Segment Open

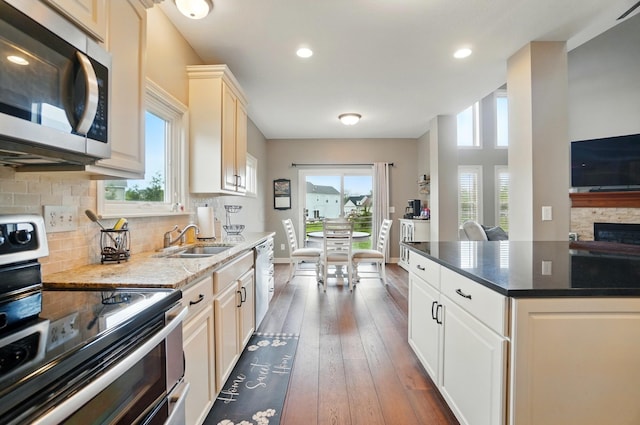 kitchen with appliances with stainless steel finishes, a sink, dark stone countertops, dark wood-type flooring, and backsplash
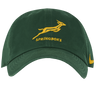 Show your support with the Springboks Heritage 86 Cap by Nike, a green cap featuring a yellow leaping springbok, "SPRINGBOKS" on the front, and the iconic yellow Nike logo on the side.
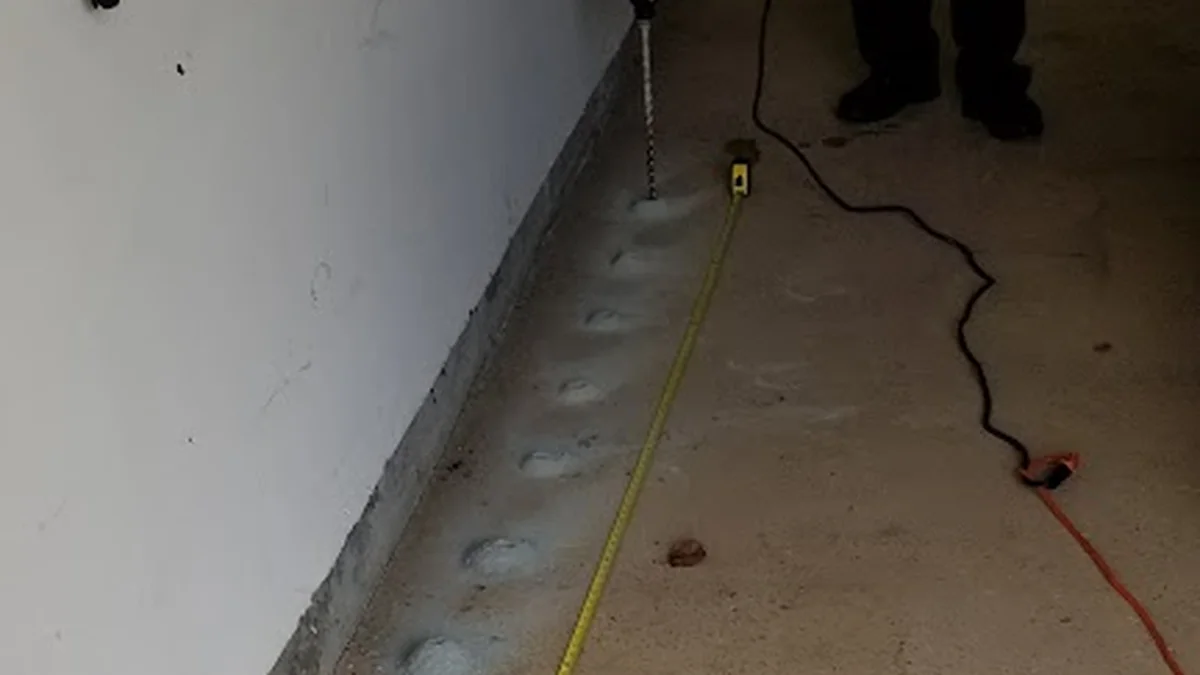 Technician installing an in-ground termite monitoring station by a foundation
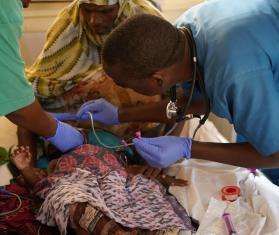 Doctors care for a malnourished child in Somalia. 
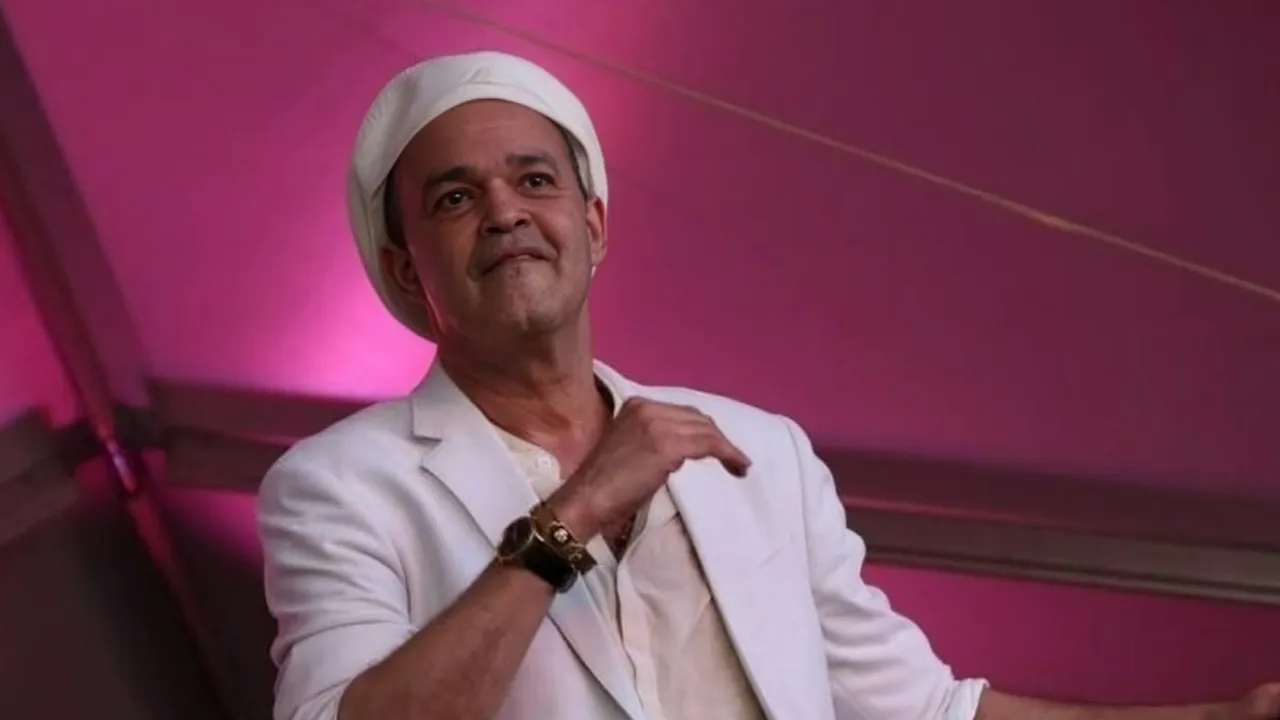 Man wearing a white suit and white turban, standing in a pink-lit room.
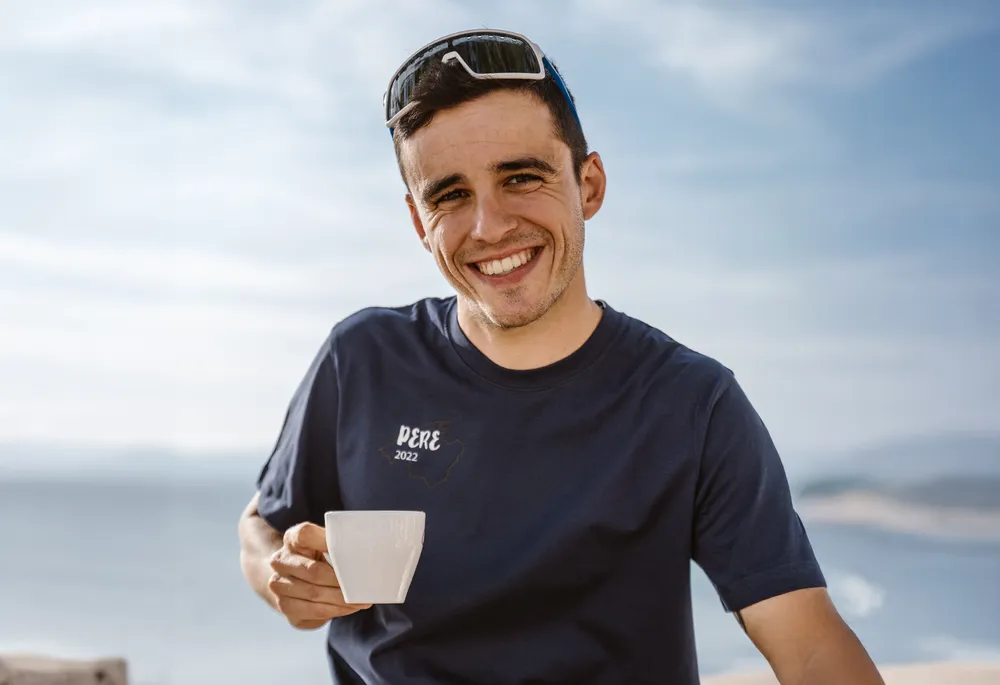 Un uomo sorridente in una maglietta blu tiene una tazza in mano, sullo sfondo di un bellissimo paesaggio costiero.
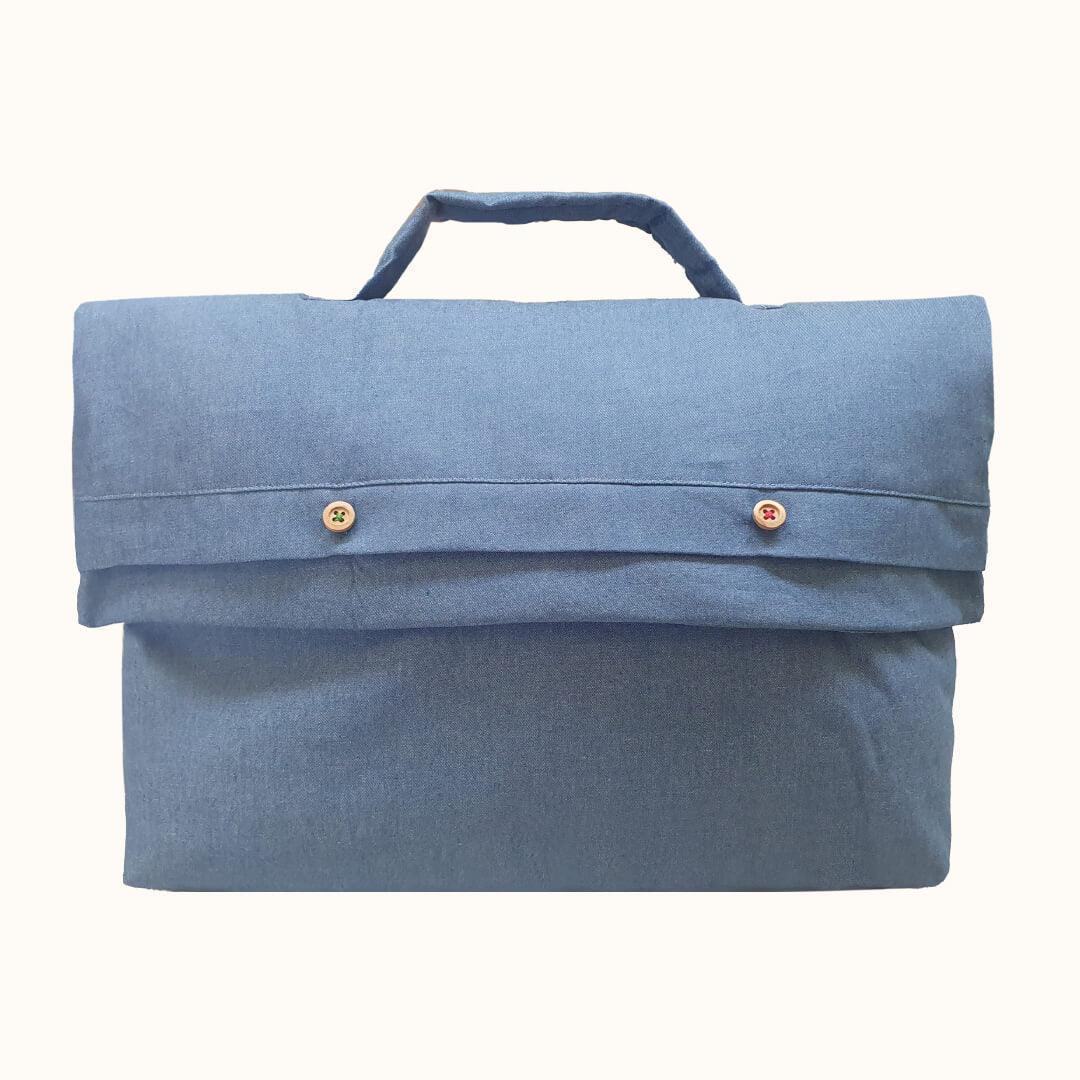 Saquinho para roupa de bebé em denim azul claro com alça e botões decorativos.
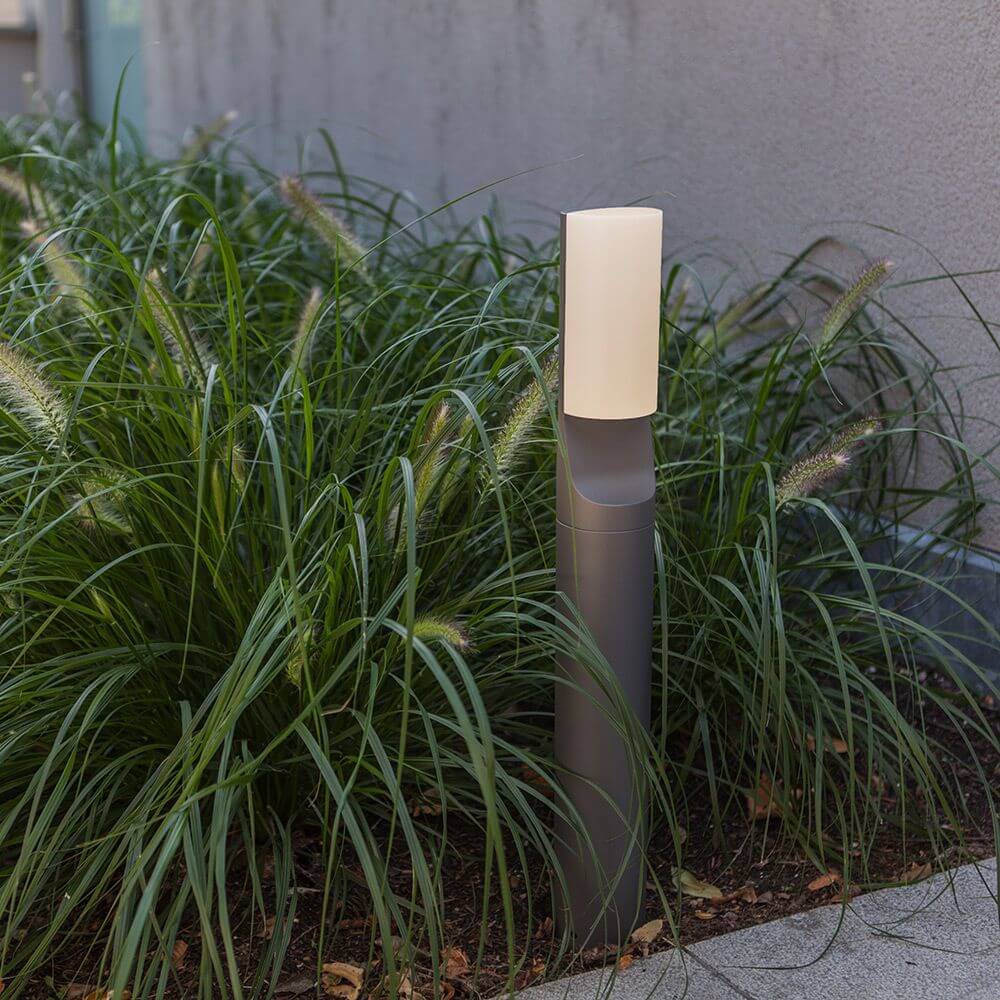 LED Wegeleuchte Bati IP44 65cm Anthrazit vor grünen Pflanzen im Außenbereich.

Segment Closed

§ **DIRECTIONS FOR THIS TASK**: With pictures excluded, the material is to be written out exactly as given.

§ **YOUR SOLUTION**:
 kitchen with appliances with stainless steel finishes, a sink, dark stone countertops, dark wood-type flooring, and backsplash
 Show your support with the Springboks Heritage 86 Cap by Nike, a green cap featuring a yellow leaping springbok, "SPRINGBOKS" on the front, and the iconic yellow Nike logo on the side.
 Technician installing an in-ground termite monitoring station by a foundation
 Doctors care for a malnourished child in Somalia. 
 Man wearing a white suit and white turban, standing in a pink-lit room.
 Un uomo sorridente in una maglietta blu tiene una tazza in mano, sullo sfondo di un bellissimo paesaggio costiero.
 Saquinho para roupa de bebé em denim azul claro com alça e botões decorativos.
 LED Wegeleuchte Bati IP44 65cm Anthrazit vor grünen Pflanzen im Außenbereich.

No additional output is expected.